(Activity): Keep images out and repeat all data exactly.

(Input data):
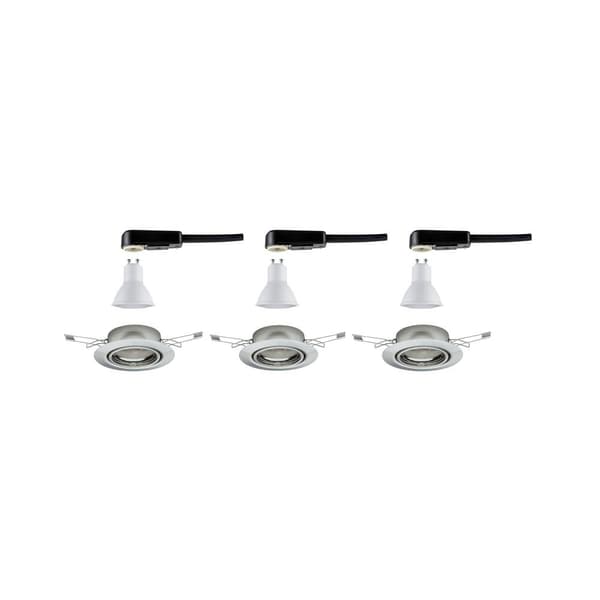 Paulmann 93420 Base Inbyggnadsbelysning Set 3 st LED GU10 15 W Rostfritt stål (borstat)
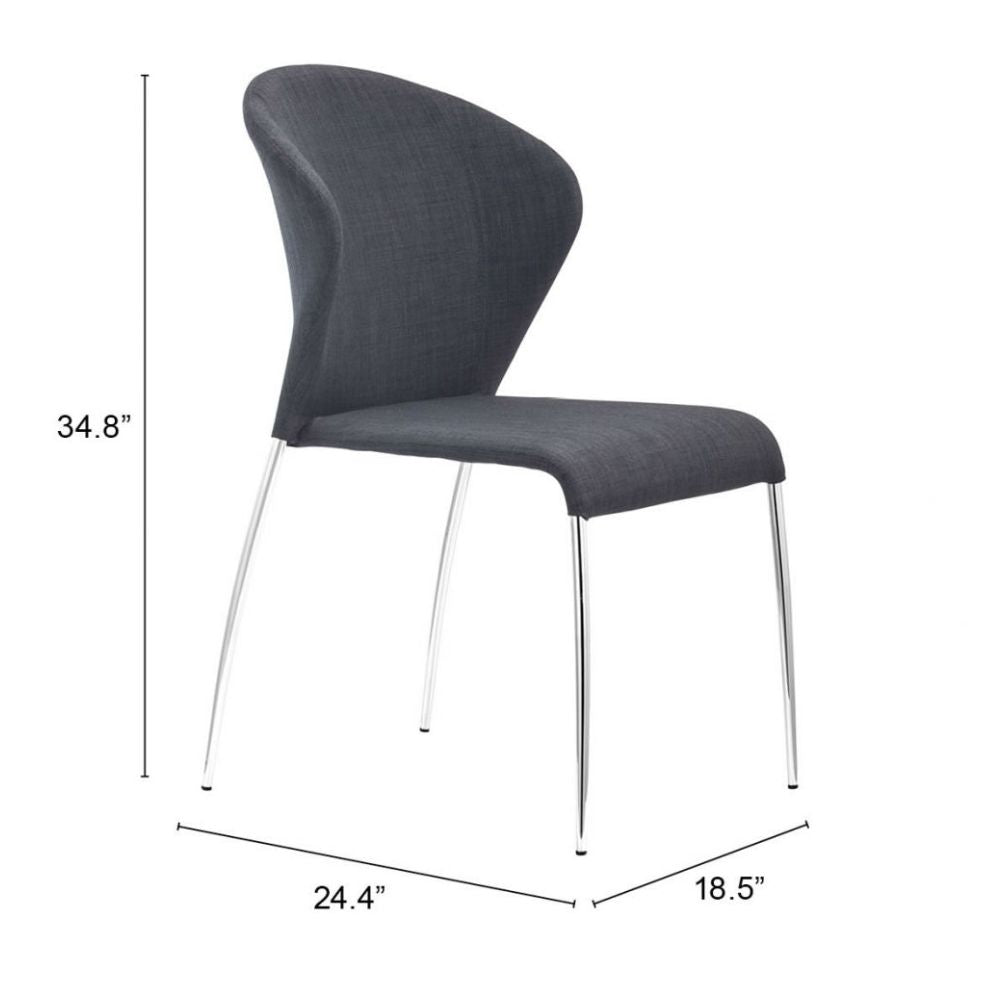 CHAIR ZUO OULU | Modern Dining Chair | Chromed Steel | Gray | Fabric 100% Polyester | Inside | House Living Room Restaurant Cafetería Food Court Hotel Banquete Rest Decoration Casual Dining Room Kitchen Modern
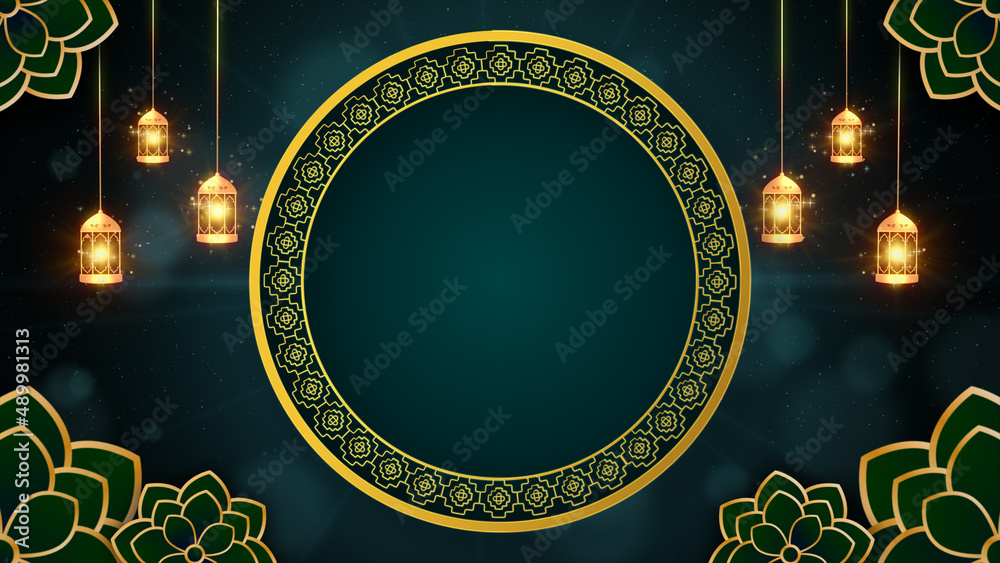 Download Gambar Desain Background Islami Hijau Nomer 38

(Response to the task):
 Paulmann 93420 Base Inbyggnadsbelysning Set 3 st LED GU10 15 W Rostfritt stål (borstat)
 CHAIR ZUO OULU | Modern Dining Chair | Chromed Steel | Gray | Fabric 100% Polyester | Inside | House Living Room Restaurant Cafetería Food Court Hotel Banquete Rest Decoration Casual Dining Room Kitchen Modern
 Download Gambar Desain Background Islami Hijau Nomer 38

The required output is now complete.